Last week, FireEye published research identifying a global DNS hijacking attack that is thought to be part of a large and growing espionage operation that began two years ago. The report said the hacking campaign redirected web traffic from companies globally through the hackers’ malicious servers, recording company credentials for future attacks. This is particularly significant due to the nature of the organizations targeted – primarily telecom, internet infrastructure, government and commercial entities – most of which could be of interest to a nation-state attacker.
Although the scope of this campaign appears significant, the methods used are certainly not unique or sophisticated. Like other tactics we’ve seen grow in popularity among cybercriminals, these attacks are low-cost and simple to execute, relying on victims not taking basic security measures.
In DNS hijacking attacks, bad actors take over logins belonging to the DNS providers and registrants and manipulate the victim’s DNS records to redirect their incoming traffic. As a result, an end user device making a DNS query (attempting to visit a website or access an application) is provided false information, sending the user to a fake website masquerading as the legitimate one.

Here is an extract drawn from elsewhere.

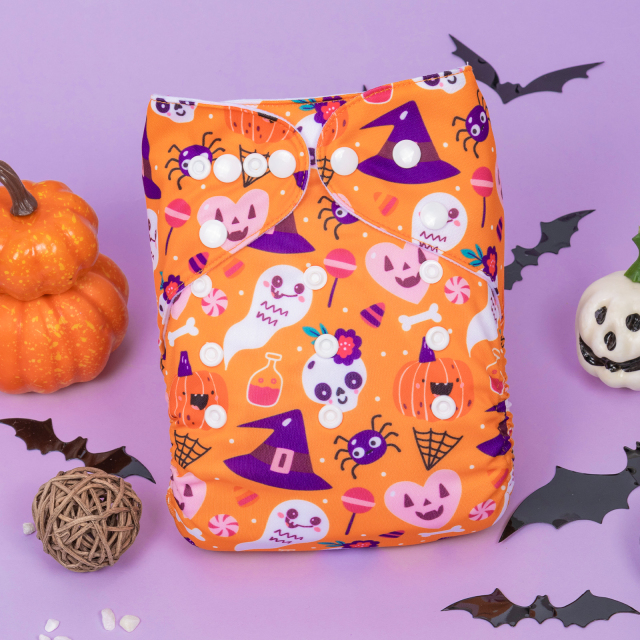 ALVABABY Halloween One Size Positioning Printed Cloth Diaper -(QD80A)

DNS hijacking and other man-in-the-middle attacks, such as DNS cache poisoning and border gateway protocol (BGP) hijacking, are not always obvious. They can go undetected for extended periods of time, often resulting in data theft and direct financial loss. In late 2018, authorities shut down a multi-year ad-fraud scheme that used BGP hijacking to compromise more than one million IP addresses, along with other tactics, to generate nearly $30 million. However, this was an extremely sophisticated and unusual operation. In most cases, these attacks tend to be targeted because they are difficult to execute on a large scale. Often, certain sites are identified for a specific purpose, such as financial gain. Last year investors in cryptocurrency discovered this harsh reality when several sites marked in BGP hijacking campaigns were used to steal credentials, which cybercriminals then used to mine cryptocurrency from users' accounts.

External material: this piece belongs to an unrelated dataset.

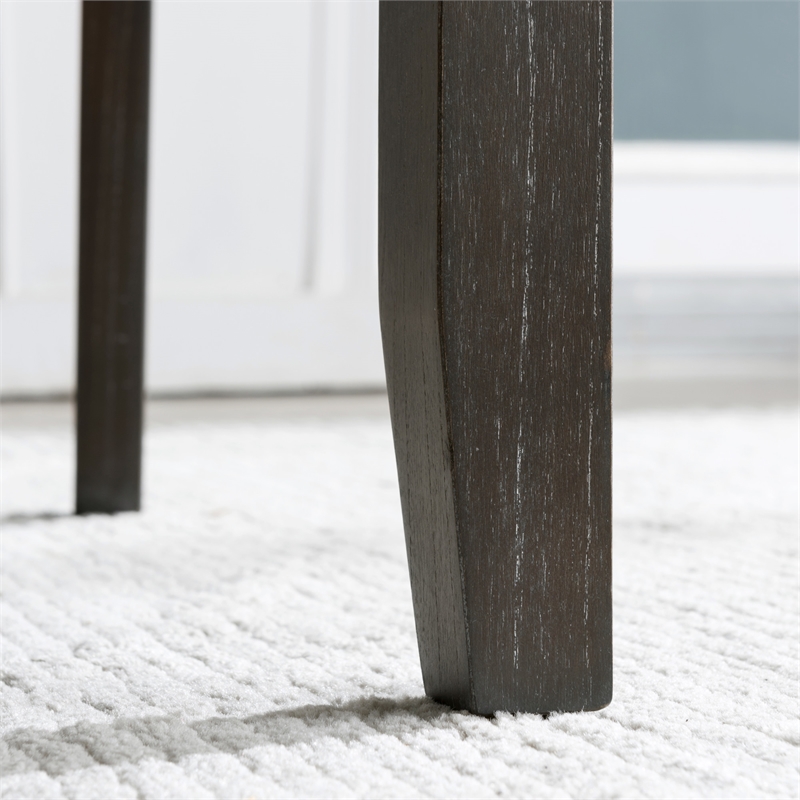 Pemberly Row Wood Upholstered Dining Chair Set in Heather Gray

Fortunately, a basic, layered approach to DNS security can dramatically reduce the chances of DNS and BGP-related compromise. Here are three essential, preventative measures that organizations should implement:
Use multi-factor authentication for authoritative DNS and registrar logins
Organizations should implement strict access controls that limit access to legitimate users who are responsible for modifying DNS settings. If a company has multiple DNS administrators, it can assign different functions to different users depending on their role, as well as restrict update access to the zones and records they need to do their job. It's important to strengthen access controls by implementing multi-factor authentication and single sign-on. If a company uses scripts or APIs to update DNS, it should use strong authentication keys and restrict key usage to valid sources only (i.e., IP whitelisting). Finally, organizations should use secure practices in interfacing with their domain registrar and keep the list of authorized contacts with the registrar up to date. This will allow the company to maintain control over its domain name and avoid missing an expiration notice from the registrar.
Monitor authoritative DNS activity logs to quickly spot issues
It might seem overwhelming to consider tracking every DNS response. But by monitoring DNS activity and IDS logs, a company can more easily observe DNS configuration changes and shifting traffic patterns, which can reveal key indicators of compromise. For instance, unexpected and unplanned changes to DNS record configurations or sudden changes in traffic volume can indicate malicious DNS activity.
Enable DNSSEC (Domain Name Security Extensions) and zone signing
DNSSEC operates by offering a mechanism for recursive DNS resolvers to check the authenticity of the information received from the previous authoritative DNS server in the series of lookups required to return a DNS answer to a user. With many businesses handling financial, health or personal data, it’s the organization’s duty to protect customers from this form of attack. DNSSEC protects the integrity of DNS information by having each zone of the DNS digitally signed and verified by the top-level domain.
DNS is a critical technology that connects all aspects of IT infrastructure, applications and online services – everything between the server and the user – which makes it an extremely attractive target for cybercriminals. As organizations around the globe drive more aggressively toward connected, digitally transformed operations, this attack vector will grow in significance. Taking quick action to implement and maintain these basic preventative measures will be imperative in preventing attacks and keeping companies and customer data safe from cybercriminals.